Armed men attacked three buses in northern Veracruz Thursday, killing at least eleven passengers. According to the state government, five assailants were killed when the military arrived at the scene of an attack. Some early reports cited a regional mayor estimating a death toll as high as forty victims.
The US Consulate in Matamoros has issued a warning to US citizens to use caution when travelling in Veracruz and recommends only traveling during the day. The same bulletin reiterated long-standing advice that U.S. citizens “defer non-essential travel to the state of Tamaulipas”.
Highways in the states of Tamaulipas, Veracruz, and San Luis Potosi have become notoriously dangerous, with criminals taking advantage of the cover of night to hold up passenger buses and private vehicles.

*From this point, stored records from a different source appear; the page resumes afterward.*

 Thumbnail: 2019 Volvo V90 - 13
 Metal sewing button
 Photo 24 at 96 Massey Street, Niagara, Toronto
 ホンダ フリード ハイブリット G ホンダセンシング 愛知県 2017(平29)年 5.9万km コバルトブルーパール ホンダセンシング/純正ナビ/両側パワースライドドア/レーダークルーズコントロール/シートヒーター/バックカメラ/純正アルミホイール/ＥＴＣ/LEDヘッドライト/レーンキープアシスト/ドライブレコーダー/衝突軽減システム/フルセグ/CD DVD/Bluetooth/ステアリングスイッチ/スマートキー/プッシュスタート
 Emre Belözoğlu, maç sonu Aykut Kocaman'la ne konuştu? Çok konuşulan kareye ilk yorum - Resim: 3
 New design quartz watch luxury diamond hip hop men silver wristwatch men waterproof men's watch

The main highways in northern Veracruz are connected to the port city of Tampico, just across the state line in Tamaulipas. The most dangerous roads in Tamaulipas lead to the border bridges with South Texas.
The bodies of ten murder victims were dumped in the Veracruz town of Tampico Alto this morning. Like the multi-homicide targeting the buses, the specific motive for the violence is unclear, but the perpetrators are assumed to be associated with organized crime operating in the region.
As has been the case with Tamaulipas, much of the violence in Veracruz is occurring under a mantle of fear-induced silence. The press freedom organization Reporters Without Borders this week named Veracruz one of the ten deadliest regions in the world for journalists.
Also this week, 900 police officers in the port city of Veracruz and its nearby suburb of Boca del Rio were dismissed and replaced by soldiers in what authorities describe as an anti-corruption measure.